K8s Features for Spot Reliability (Overview)

K8s provides a comprehensive set of primitives for handling spot terminations:

Graceful Shutdown: Application-level SIGTERM handling with request draining
Readiness Probe: Fast endpoint removal with failureThreshold: 1 (ECS equivalent: ALB health checks, limited to load balancer scenarios)
PreStop Hook: Coordinate shutdown timing before SIGTERM (No ECS equivalent - critical gap)
Over-Provisioning: Run excess capacity; still cheaper on spot than minimal on-demand
topologySpreadConstraints: Automatic multi-zone distribution with rebalancing
Soft Anti-Affinity: preferredDuringScheduling adapts to capacity (ECS has only hard constraints)
PriorityClass: Priority-based eviction for instant capacity reclamation (No ECS equivalent)
HorizontalPodAutoscaler: Asymmetric scaling - fast up, slow down

Key insight: 9 pods on spot ($270/mo) < 5 pods on-demand ($500/mo) with superior reliability.

(See Appendix for complete production-ready K8s configuration)

K8s vs ECS: Feature Comparison

Platform capability analysis for spot instance workloads:

Strategy	Kubernetes	ECS	Key Difference
1. Graceful shutdown	✓ Yes	✓ Yes	Application-level - identical implementation
2a. Readiness probe	✓ Yes	⚠ Partial	K8s: Any Service, `failureThreshold: 1` ECS: ALB/NLB only, minimum 2 checks
2b.
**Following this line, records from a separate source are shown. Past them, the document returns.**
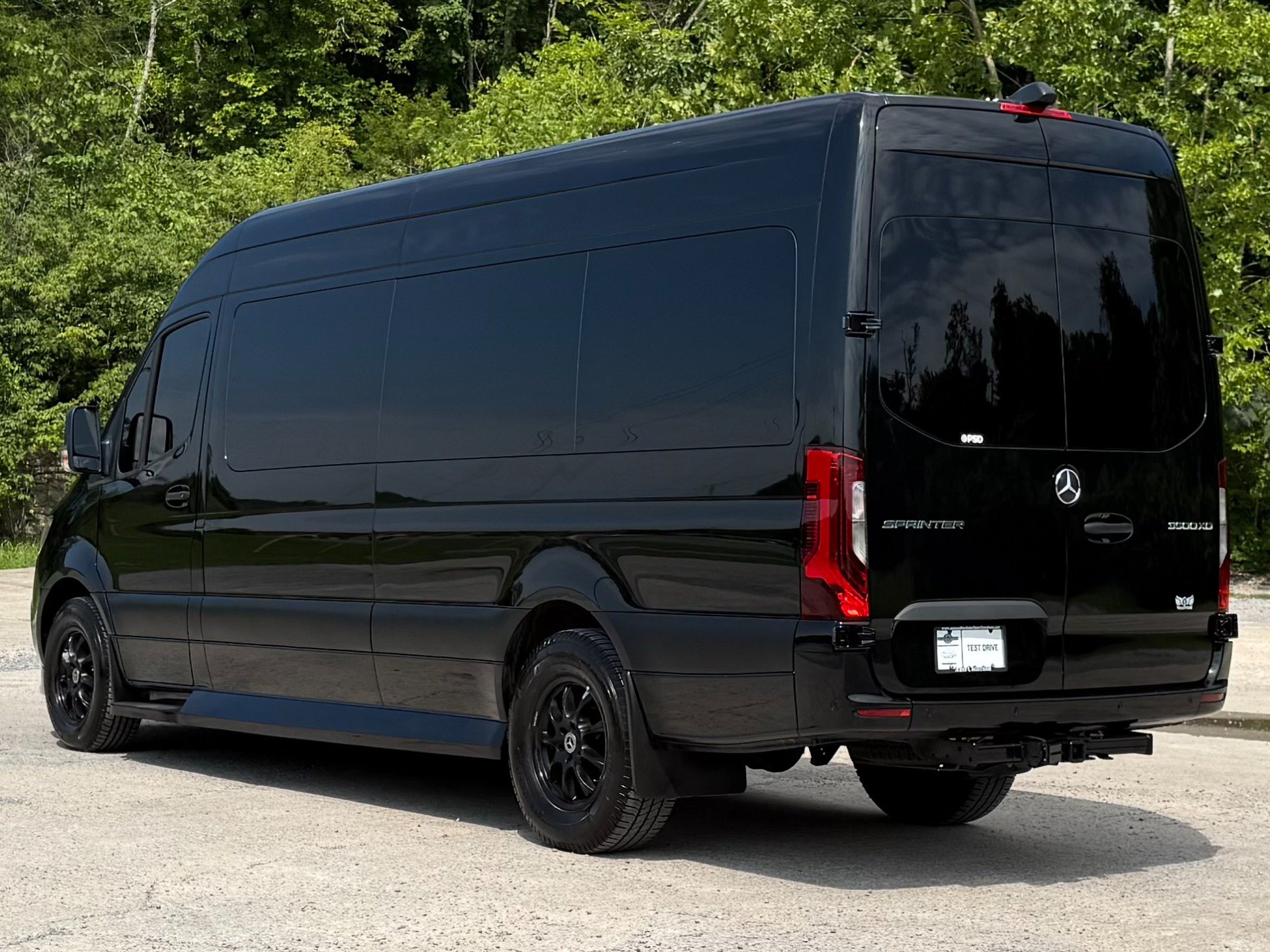 Used 2022 Mercedes-Benz Sprinter 3500 image 3
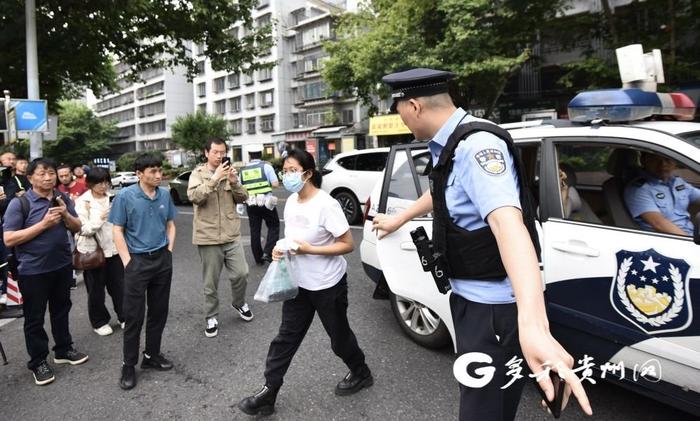 火速补办临时身份证明 贵阳民警让考生安心应考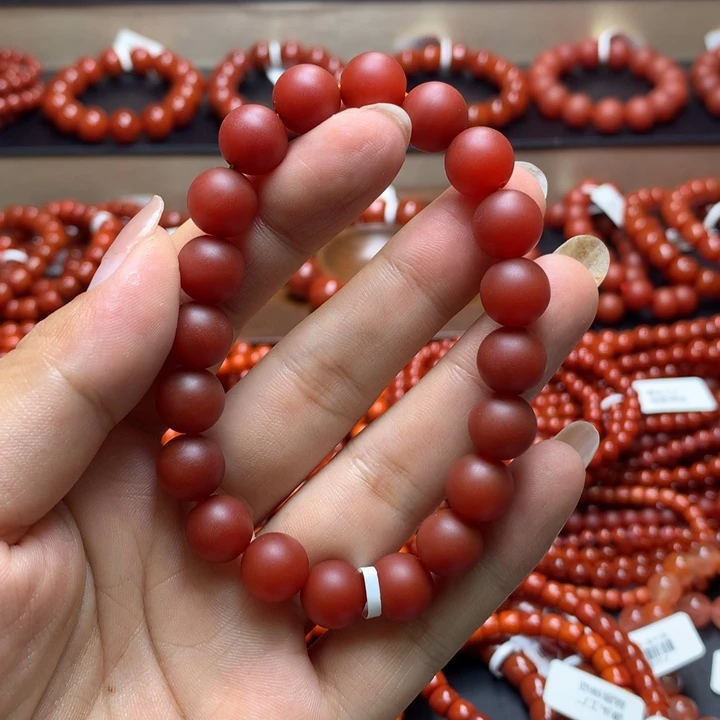 琼***子玛瑙/玉髓天然玛瑙手串单圈未镶嵌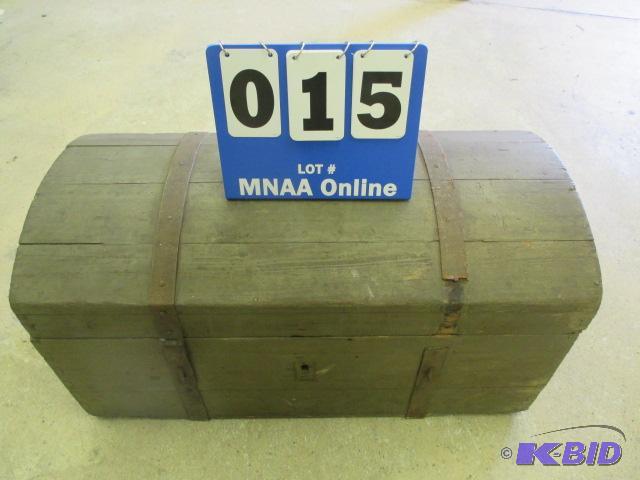 lot 15 image: Vintage Steamer Trunk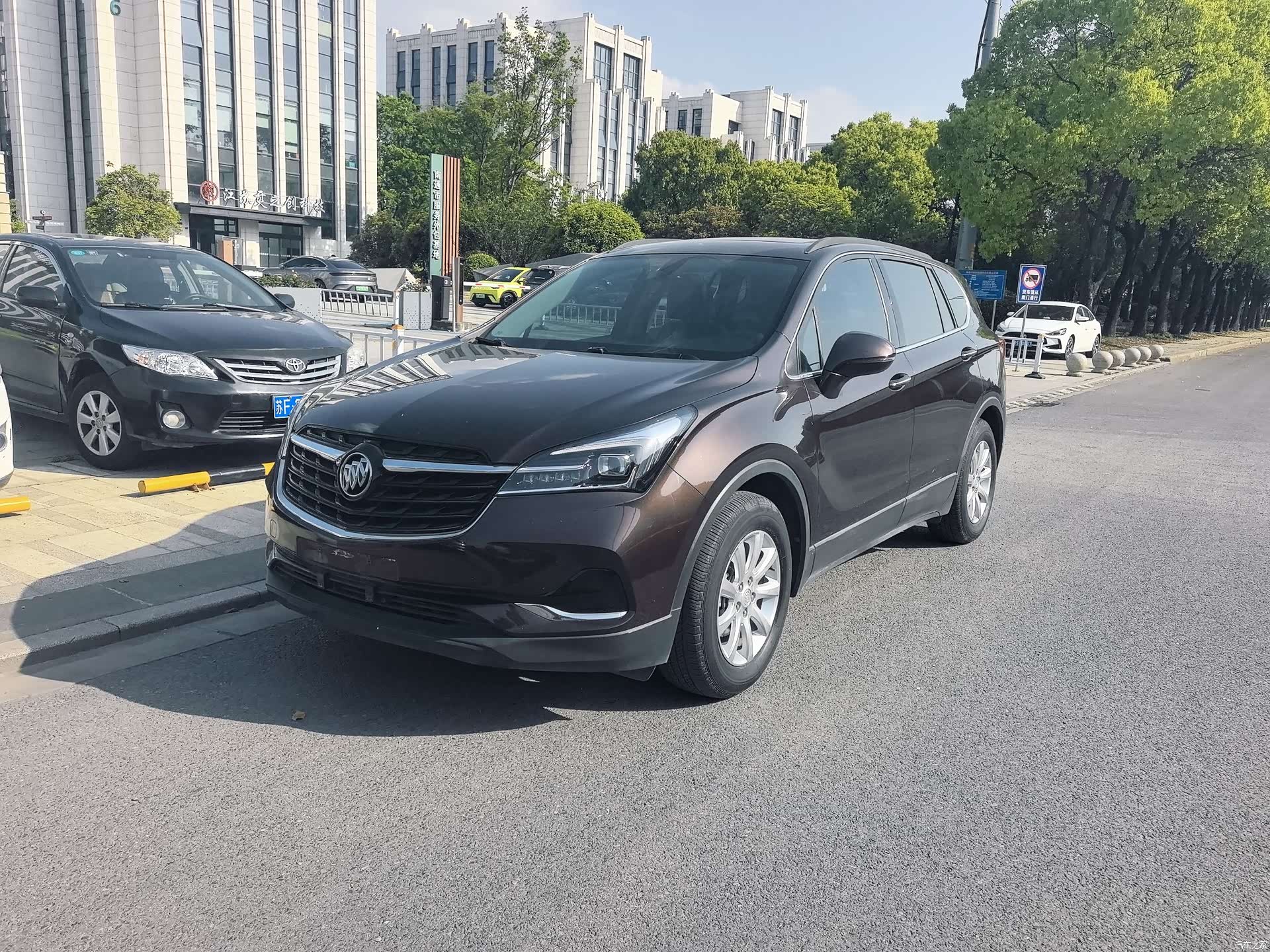Buick Envision Plus, 2021 1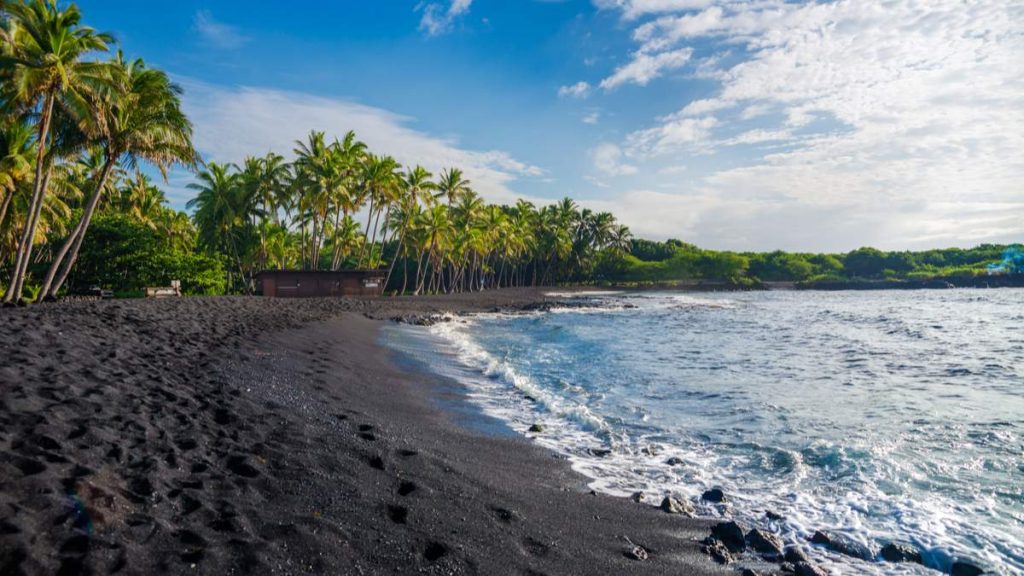 Black Sand Beach - Praia de areia preta em Big Island, Havaí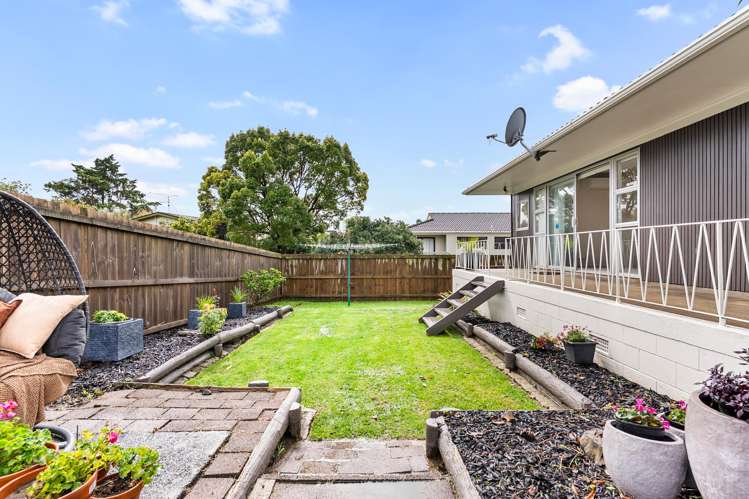 54 Meadway Sunnyhills_13
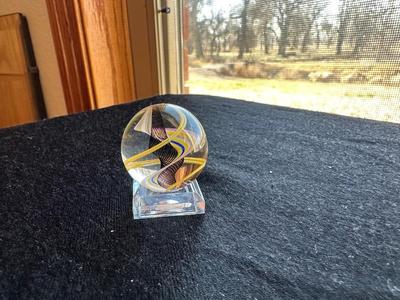 HANDBLOWN GLASS MARBLE WITH INTERNAL SWIRL WITHIN A MULTICOLORED LATTICINO SWIRL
PreStop hook	✓ Yes	✗ No	Critical gap: K8s delays SIGTERM for coordination ECS: Immediate SIGTERM causes ALB draining race condition
3. Over-provisioning	✓ Yes	✓ Yes	Conceptually similar, K8s features amplify effectiveness
4. Multi-zone	✓ Yes	⚠ Limited	K8s: `topologySpreadConstraints` with auto-rebalancing ECS: Task placement strategies, less dynamic
5. Soft anti-affinity	✓ Yes	✗ No	K8s exclusive: Adaptive constraints for dynamic capacity ECS: Hard constraints only, tasks can block
6. Overprovisioner	✓ Yes	✗ No	K8s exclusive: PriorityClass enables instant replacement ECS: No priority-based eviction
7. Asymmetric HPA	✓ Yes	✓ Yes	K8s: HorizontalPodAutoscaler ECS: Application Auto Scaling - comparable
PodDisruptionBudget	✓ Yes	✗ No	K8s only (voluntary disruptions, not spot)

Key Architectural Gaps in ECS

ECS missing capabilities:

PreStop hooks - No coordination mechanism; immediate SIGTERM creates load balancer draining race conditions
Soft constraints - All-or-nothing placement; tasks remain Pending when constraints conflict with capacity
Priority-based eviction - No overprovisioner pattern; cannot reclaim capacity from low-priority workloads

ECS limited capabilities:

Health checks - ALB/NLB only (K8s: any Service including internal mesh)
Multi-zone placement - Static strategies (K8s: dynamic rebalancing)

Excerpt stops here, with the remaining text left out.